Single by Bun B featuring David Banner, Rick Ross and 8Ball & MJG

from the album II Trill
- A-side: "That's Gangsta"
- B-side: "Pop It 4 Pimp"
- Released: July 31, 2008
- Recorded: 2008
- Genre: Hip hop
- Length: 4:36
- Label: Rap-A-Lot; Asylum; Warner Bros.;
- Songwriters: Bernard Freeman; William Roberts; Lavell Crump; Premro Smith; Marlon Goodwin; Leroy Williams;
- Producer: Mr. Lee

Bun B singles chronology
| "That's Gangsta" (2008) | "You're Everything" (2008) | "Countin' Money" (2008) |

David Banner singles chronology
| "Get Like Me" (2008) | "You're Everything" (2008) | "Shawty Say" (2008) |

Rick Ross singles chronology
| "Out Here Grindin" (2008) | "You're Everything" (2008) | "Mafia Music" (2008) |

8Ball & MJG singles chronology
| "Spit Your Game [Remix]" (2006) | "You're Everything" (2008) | "Bring It Back" (2010) |

= You're Everything =

"You're Everything" is a song by American rapper Bun B, released July 31, 2008 as the third single from his second studio album II Trill (2008).
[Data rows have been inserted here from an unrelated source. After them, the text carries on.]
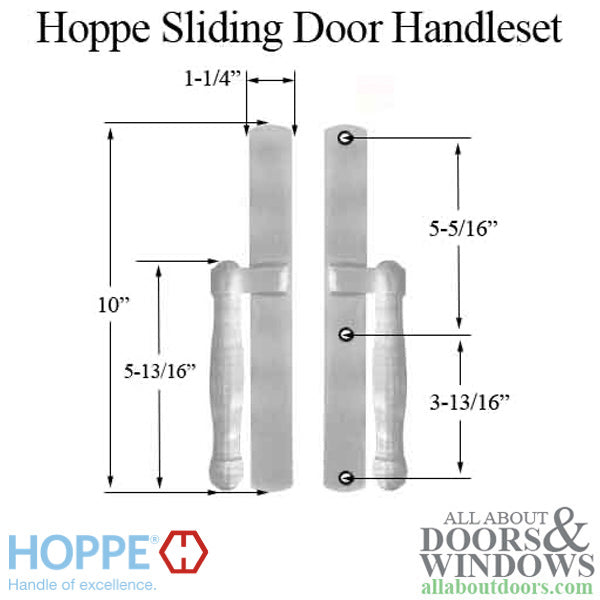 HOPPE HLS 9000 Sliding Door Handle Set Fixed Dummy Satin Nickel - HOPPE HLS 9000 Sliding Door Handle Set Fixed Dummy Satin Nickel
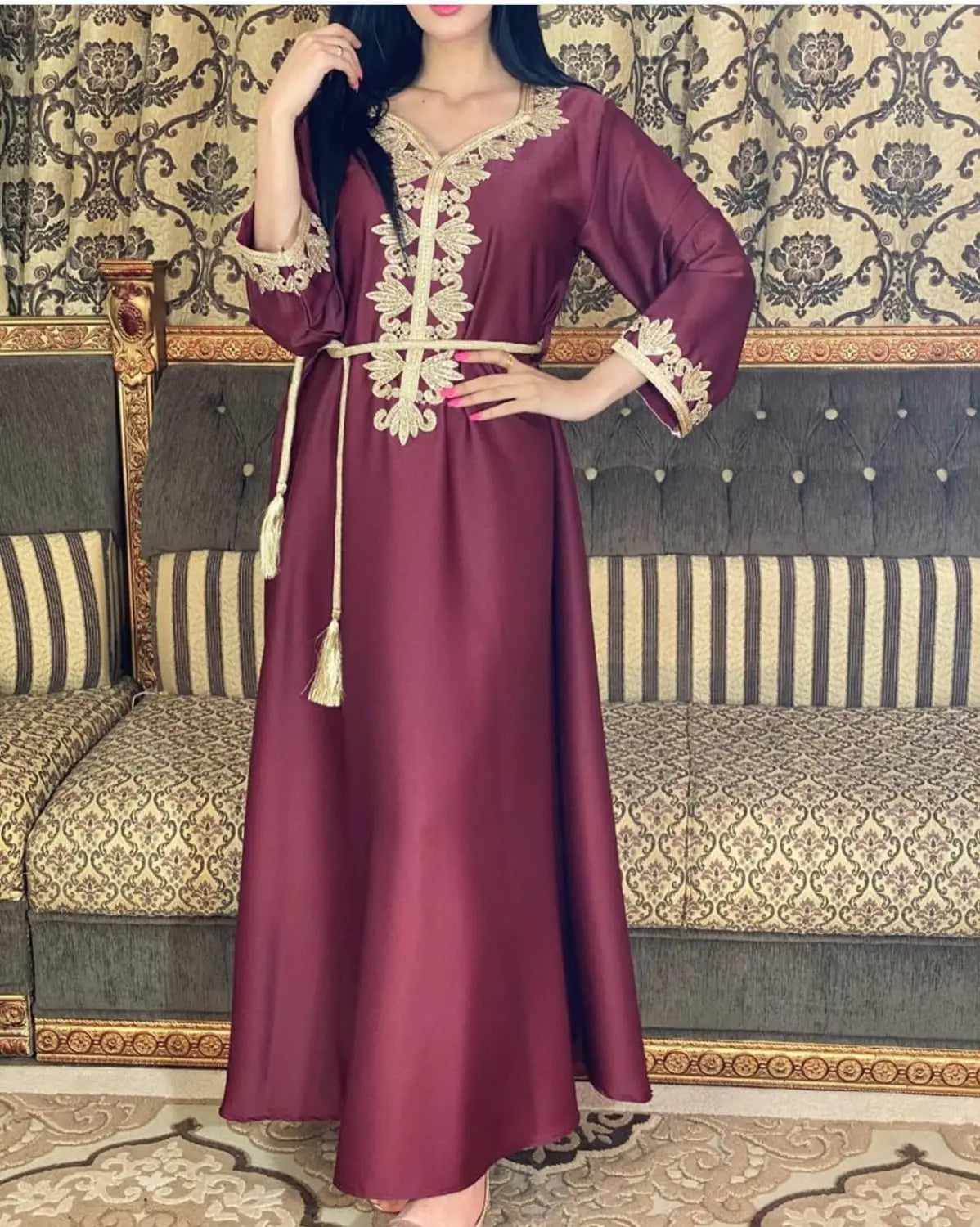 Jupe longue brodée pour femmes musulmanes du Moyen-Orient et de Dubaï, robe en dentelle bronzée brodée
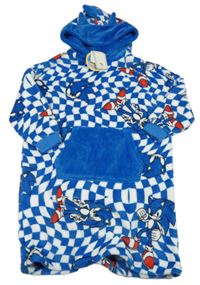 Nové - Modro-bílá kostkovaná chlupatá oversize mikina se Sonicem a kapucí TU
The song, produced by Mr. Lee, features fellow southern rappers Rick Ross, David Banner and 8Ball & MJG. The video was released August 6, 2008, on BET's Access Granted.

==Background==
In 8Ball's verse, he reels off a list of Dirty South rappers (in order) Pimp C, Bun B, 8Ball & MJG, Big Boi, André 3000 (named as Dre Three-Thou), Scarface, Willie D, T.I. (named as T.I.P.), Young Jeezy, Birdman, Lil Wayne (named as Lil Weezy), Trick Daddy, Young Buck, Jermaine Dupri, J. Prince, Juicy J, DJ Paul, Slim Thug, Lil' Keke, Chamillionaire, and Paul Wall. He also mentions record companies So So Def (named after Jermaine Dupri) and Rap-a-Lot Records (named after J. Prince).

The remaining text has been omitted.